WHAT THIS TASK INVOLVES » Which lines run from the one containing "jazzit_1019552" to the end of the entries? Copy them exactly, both ends included, and give nothing else.

┌────────

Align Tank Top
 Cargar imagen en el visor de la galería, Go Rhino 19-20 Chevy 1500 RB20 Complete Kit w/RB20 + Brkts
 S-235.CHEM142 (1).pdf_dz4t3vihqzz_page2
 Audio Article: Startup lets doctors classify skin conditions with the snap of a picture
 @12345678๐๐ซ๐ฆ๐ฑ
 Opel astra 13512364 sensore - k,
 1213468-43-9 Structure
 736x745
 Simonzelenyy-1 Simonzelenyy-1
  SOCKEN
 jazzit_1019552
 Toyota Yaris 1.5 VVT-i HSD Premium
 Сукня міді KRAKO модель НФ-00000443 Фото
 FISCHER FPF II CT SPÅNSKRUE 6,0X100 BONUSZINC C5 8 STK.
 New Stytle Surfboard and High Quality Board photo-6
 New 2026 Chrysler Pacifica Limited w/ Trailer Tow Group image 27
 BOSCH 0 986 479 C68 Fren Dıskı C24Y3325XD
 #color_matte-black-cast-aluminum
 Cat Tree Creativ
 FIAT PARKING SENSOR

└────────

ANSWER TO THE PROBLEM »
 jazzit_1019552
 Toyota Yaris 1.5 VVT-i HSD Premium
 Сукня міді KRAKO модель НФ-00000443 Фото
 FISCHER FPF II CT SPÅNSKRUE 6,0X100 BONUSZINC C5 8 STK.
 New Stytle Surfboard and High Quality Board photo-6
 New 2026 Chrysler Pacifica Limited w/ Trailer Tow Group image 27
 BOSCH 0 986 479 C68 Fren Dıskı C24Y3325XD
 #color_matte-black-cast-aluminum
 Cat Tree Creativ
 FIAT PARKING SENSOR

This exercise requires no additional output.